I am proud to be able to do something that may mean inspiration for the youth of my race.
– Arturo Alfonso Schomburg

Martin Luther King, Jr.

January11

Sooner or later, all the people of the world will have to discover a way to live together.

Growing up in Atlanta, GA, Martin Luther King, Jr. experienced the unfairness of segregation on a daily basis. When he saw “White Only” signs and he wasn’t able to attend a school with white children, his mother reminded him that he was as good as anyone else. He listened to his father’s words as the elder King preached in church every Sunday. During those formative years of his life, Martin understood how powerful words could be.

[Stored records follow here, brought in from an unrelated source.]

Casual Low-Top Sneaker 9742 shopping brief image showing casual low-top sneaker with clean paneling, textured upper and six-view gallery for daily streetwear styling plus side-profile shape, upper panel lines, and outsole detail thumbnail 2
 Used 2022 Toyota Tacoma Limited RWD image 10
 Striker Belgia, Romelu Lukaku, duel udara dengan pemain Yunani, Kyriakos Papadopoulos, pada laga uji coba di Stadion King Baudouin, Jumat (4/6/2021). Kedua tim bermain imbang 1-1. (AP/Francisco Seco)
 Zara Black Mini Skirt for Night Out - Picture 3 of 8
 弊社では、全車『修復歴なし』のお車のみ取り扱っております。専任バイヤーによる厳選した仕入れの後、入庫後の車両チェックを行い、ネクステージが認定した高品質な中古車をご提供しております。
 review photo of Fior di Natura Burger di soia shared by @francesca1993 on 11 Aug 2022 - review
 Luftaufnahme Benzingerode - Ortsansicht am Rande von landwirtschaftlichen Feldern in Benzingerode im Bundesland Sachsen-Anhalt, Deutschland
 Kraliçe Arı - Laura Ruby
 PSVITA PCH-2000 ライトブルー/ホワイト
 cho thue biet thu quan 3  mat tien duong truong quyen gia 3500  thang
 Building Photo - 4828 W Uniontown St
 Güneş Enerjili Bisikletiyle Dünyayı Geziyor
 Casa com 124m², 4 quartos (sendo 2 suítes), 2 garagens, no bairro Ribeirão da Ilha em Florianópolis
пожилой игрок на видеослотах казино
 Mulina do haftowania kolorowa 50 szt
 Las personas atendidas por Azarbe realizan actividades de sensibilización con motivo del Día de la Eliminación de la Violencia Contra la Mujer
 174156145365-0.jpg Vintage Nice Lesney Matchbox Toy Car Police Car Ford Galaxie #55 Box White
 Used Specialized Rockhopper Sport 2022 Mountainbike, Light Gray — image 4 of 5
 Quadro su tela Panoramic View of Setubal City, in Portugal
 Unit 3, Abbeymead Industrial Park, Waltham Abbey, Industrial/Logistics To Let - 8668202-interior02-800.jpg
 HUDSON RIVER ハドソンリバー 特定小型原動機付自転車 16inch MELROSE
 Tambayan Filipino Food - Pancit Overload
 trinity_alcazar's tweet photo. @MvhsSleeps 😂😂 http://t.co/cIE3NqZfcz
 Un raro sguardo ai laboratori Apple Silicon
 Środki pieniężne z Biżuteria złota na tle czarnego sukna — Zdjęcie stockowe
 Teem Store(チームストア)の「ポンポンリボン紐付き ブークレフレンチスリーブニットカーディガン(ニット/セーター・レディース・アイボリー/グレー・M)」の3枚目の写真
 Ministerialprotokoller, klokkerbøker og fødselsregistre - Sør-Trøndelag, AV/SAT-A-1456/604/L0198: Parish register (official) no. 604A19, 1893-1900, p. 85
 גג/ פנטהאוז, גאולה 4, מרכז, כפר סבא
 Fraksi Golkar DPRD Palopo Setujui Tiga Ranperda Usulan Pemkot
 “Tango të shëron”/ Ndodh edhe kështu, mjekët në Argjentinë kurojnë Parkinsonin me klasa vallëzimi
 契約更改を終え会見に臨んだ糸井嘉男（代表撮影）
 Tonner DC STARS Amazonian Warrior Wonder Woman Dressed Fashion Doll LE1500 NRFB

In Martin’s Big Words (Hyperion Books for Children), author Doreen Rappaport shares important quotes from Martin Luther King, Jr. as she narrates key incidents in his life. Bryan Collier’s colorful and detailed illustrations earned him a Caldecott Award Honor. The year it was published, this picture book biography was also named one of the best illustrated children’s books by the New York Times

Massachusetts Children’s Book Award

September15

Once again, we will be promoting the nominees for the Massachusetts Children’s Book Awards (MCBA) during the 2017-2018 school year at DCD. Even though I’ve written about this program before, I would like to explain it to parents who have never had a fourth, fifth, or sixth grader who is participating. This voluntary reading incentive program has become a popular event for many students. Started by Dr. Helen Constant in 1975, it is administered through Salem State University. Twenty-five books are nominated for the award, and our voting for the DCD favorites will take place in late winter.

There are many obvious benefits to reading along with us for the next few months. Students are often introduced to authors who are unknown to them before this, and they return looking for other books by them. Some of the authors, like Liesel Shurtliff and Tom Angleberger, are already favorites of many intermediate readers. An important benefit that may not be obvious is that our readers become critics. They learn how to evaluate literature through plot, characters, and interest, and they have fun doing so. Throughout the next few months, I’ll highlight some of the nominated titles. Links to the reading lists and our required journal pages can be found on our DCD Library page. From time to time, I’ll be reviewing some of the titles under consideration for the award. So…let me write about one today.

Fish in a Tree by Lynda Mullaly Hunt (2015) falls into the genre of realistic fiction. Readers can easily relate to the contemporary characters. Ally struggles in school, and her older brother is sorry that he can’t help her because academics aren’t his strength either. She doesn’t want to bother her mother because her father is on active duty overseas, and her mother has enough worries. A new teacher understands that Ally isn’t really a troublemaker, but she is a creative girl who learns differently. My favorite quote in the book is, “Everybody is genius. But if you judge a fish by its ability to climb a tree, it will live its whole life believing that it is stupid.”

Ashley Bryan

March9

Ashley Bryan is a beloved illustrator and storyteller who has been highly honored for his work. His latest book, Freedom Over Me (Atheneum), is based on a collection of slave-related documents that Bryan acquired years ago. These documents were dated from the 1820s to the 1860s. The author chose to base his book on the appraisal of the Fairchilds’ estate that was dated July 5, 1828. Among the properties that were listed for sale were cows, hogs, cotton, and slaves. The slaves were not named. They were listed as boy, man, girl, or woman, along with their worth.

By imagining background stories for these unnamed slaves, Bryan humanizes them. He describes the Fairchilds’ plantation as having a fine reputation because of the work of the slaves who live there. For example, Peggy, the cook, is 48, and she is worth $150. Mrs. Fairchilds shows off Peggy’s skills when she entertains. John is 16, and he is worth $100. When he was eight years old, he was given as a birthday gift to Mrs. Fairchilds, and he has secretly learned to read and write.

Freedom Over Me: Eleven Slaves, Their Lives and Dreams has been chosen as one of this year’s Newbery Honor Books and Coretta Scott King Honor Books.